Top of RECORDS FOR THE TASK
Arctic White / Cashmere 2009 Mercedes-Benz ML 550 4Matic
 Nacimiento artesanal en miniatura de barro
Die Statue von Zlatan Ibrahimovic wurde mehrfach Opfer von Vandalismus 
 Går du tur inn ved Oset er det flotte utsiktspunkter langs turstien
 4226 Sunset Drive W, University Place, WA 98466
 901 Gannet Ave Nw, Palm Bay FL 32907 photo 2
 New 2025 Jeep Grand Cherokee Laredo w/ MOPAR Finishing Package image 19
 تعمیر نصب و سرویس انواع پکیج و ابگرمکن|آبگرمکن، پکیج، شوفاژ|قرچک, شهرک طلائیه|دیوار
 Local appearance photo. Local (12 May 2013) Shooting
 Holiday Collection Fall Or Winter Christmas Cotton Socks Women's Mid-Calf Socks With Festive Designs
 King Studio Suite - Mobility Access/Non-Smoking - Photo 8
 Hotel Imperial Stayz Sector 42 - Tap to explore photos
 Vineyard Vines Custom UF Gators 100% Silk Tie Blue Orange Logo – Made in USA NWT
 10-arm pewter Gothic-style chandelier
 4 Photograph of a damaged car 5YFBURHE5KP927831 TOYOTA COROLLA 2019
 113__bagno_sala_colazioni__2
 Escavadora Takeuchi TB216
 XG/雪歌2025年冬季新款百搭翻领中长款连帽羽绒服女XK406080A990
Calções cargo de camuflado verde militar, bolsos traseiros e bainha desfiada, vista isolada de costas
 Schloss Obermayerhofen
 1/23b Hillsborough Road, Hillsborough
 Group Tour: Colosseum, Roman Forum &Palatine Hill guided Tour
Bottom of RECORDS FOR THE TASK
• TRY IT: No line before the one containing "10-arm pewter Gothic-style chandelier" should be copied; restate that line and all the rest through the end of the data above word for word.

• RESULT OF THE TASK:
 10-arm pewter Gothic-style chandelier
 4 Photograph of a damaged car 5YFBURHE5KP927831 TOYOTA COROLLA 2019
 113__bagno_sala_colazioni__2
 Escavadora Takeuchi TB216
 XG/雪歌2025年冬季新款百搭翻领中长款连帽羽绒服女XK406080A990
Calções cargo de camuflado verde militar, bolsos traseiros e bainha desfiada, vista isolada de costas
 Schloss Obermayerhofen
 1/23b Hillsborough Road, Hillsborough
 Group Tour: Colosseum, Roman Forum &Palatine Hill guided Tour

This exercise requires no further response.